Mai Mai Miracle takes place in a tiny rural town named Hofu during the 1950s. The film follows the daily life of nine-year-old Shinko Aoki who is blessed with an overactive imagination. With no television to keep her amused Shinko spends her time fantasising about what her hometown was like during the late Edo period. One of her many daydreams stars a lonesome princess who moved to the region and now finds herself without any friends of her own age. Early on in the film Shinko befriends an affluent transfer student named Kiiko Shimazu, who has moved from Tokyo to Hofu due to her father’s work commitments. Unlike the boisterous Shinko, Kiiko is quiet and shy… although she does open up after consuming some liquored chocolates. Under the effects of alcohol the timid lady even manages to see the funny side of her mother’s tragic passing.
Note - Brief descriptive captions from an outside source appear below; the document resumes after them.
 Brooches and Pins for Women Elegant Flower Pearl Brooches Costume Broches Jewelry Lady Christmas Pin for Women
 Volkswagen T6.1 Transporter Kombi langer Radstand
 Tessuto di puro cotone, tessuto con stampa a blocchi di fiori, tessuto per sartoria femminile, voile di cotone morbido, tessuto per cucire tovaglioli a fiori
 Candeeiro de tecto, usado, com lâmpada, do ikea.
The source of Shinko’s fantasies is her cowlick, which she has christened Mai Mai. I too possess unruly hair that can only be tamed with strong gel. Perhaps my locks are responsible for the hallucinations I see? It’s that or the twenty beers I drunk. Hic. Anyways, this carefree tale forgoes plot in favour of showcasing Shinko and chums enjoying their youth. Using discarded lumber we see Shinko’s group construct a pond where they hang out caring for a vagrant goldfish. Viewers also witness the protagonist bicker with her baby sis. Like most siblings the two argue, but do care for each other as evidenced in a scene were the toddler goes missing. Over the ninety-five minute running time we also see Kiiko bond with her new classmates. After a rough start she mellows out enough to forgive the scruffy kid who carelessly turned her coloured pencil into splinters.
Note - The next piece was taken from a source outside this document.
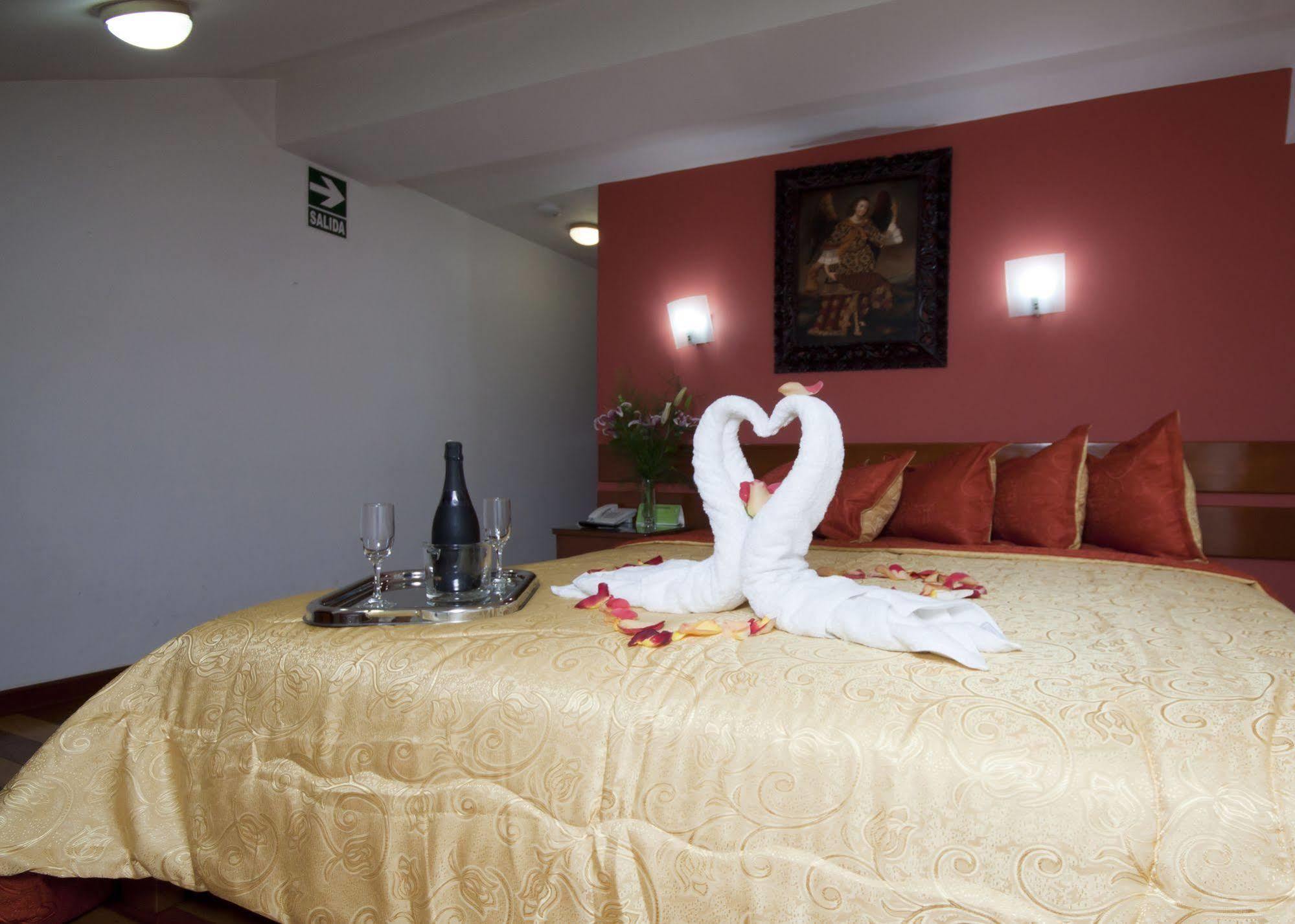 Kenamari Hotel Cuzco Zewnętrze zdjęcie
My rating for Mai Mai Miracle is four and a half stars. I have felt rather low this week, due to undesirable department restructures at work, so a sweet slice of life movie was just what the doctored ordered to perk up my spirits. As someone who resides in a concrete jungle I cannot relate to the rural lifestyle presented in this Sunao Katabuchi directed flick, but I still felt nostalgia watching Shinko and friends onscreen. Their exploits aren’t all that different to the adventures my pals Julian, Dick, George, Anne and Timmy got up to during our preadolescent days. One summer I remember exploring an island with them and tangling with thieves who were after gold housed within the hold of a sunken ship. Oh wait a second. Did that really happen or am I mixing up my childhood with Famous Five plots again?
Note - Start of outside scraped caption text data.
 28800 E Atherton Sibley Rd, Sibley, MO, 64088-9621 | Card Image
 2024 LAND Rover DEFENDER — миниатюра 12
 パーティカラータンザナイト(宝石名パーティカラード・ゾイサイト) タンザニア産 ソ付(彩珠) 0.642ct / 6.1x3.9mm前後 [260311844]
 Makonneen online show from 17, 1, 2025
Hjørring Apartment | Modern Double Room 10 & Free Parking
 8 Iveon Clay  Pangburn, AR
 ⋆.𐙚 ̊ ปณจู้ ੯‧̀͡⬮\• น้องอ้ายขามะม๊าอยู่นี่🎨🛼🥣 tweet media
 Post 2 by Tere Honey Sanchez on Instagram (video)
Overall I had a pleasant time watching Mai Mai Miracle. The only thing that didn’t click with me was the flashbacks (featuring a young royal) that would occasionally interrupt proceedings. Had that footage been removed I don’t think the movie would have been any weaker for it. Perhaps the clips could have been fashioned into a short story and repackaged as a DVD extra instead? Either way I can recommend Mai Mai Miracle as good wholesome family entertainment. The folks at Madhouse have managed to capture the whimsy Studio Ghibli is known for with this adaptation of Nobuko Takagi’s novel. Although I started this review bemoaning the time it took for this release to hit my mailbox it must be said that I am very satisfied with the final product. Like the old adage goes, good things come to those who wait.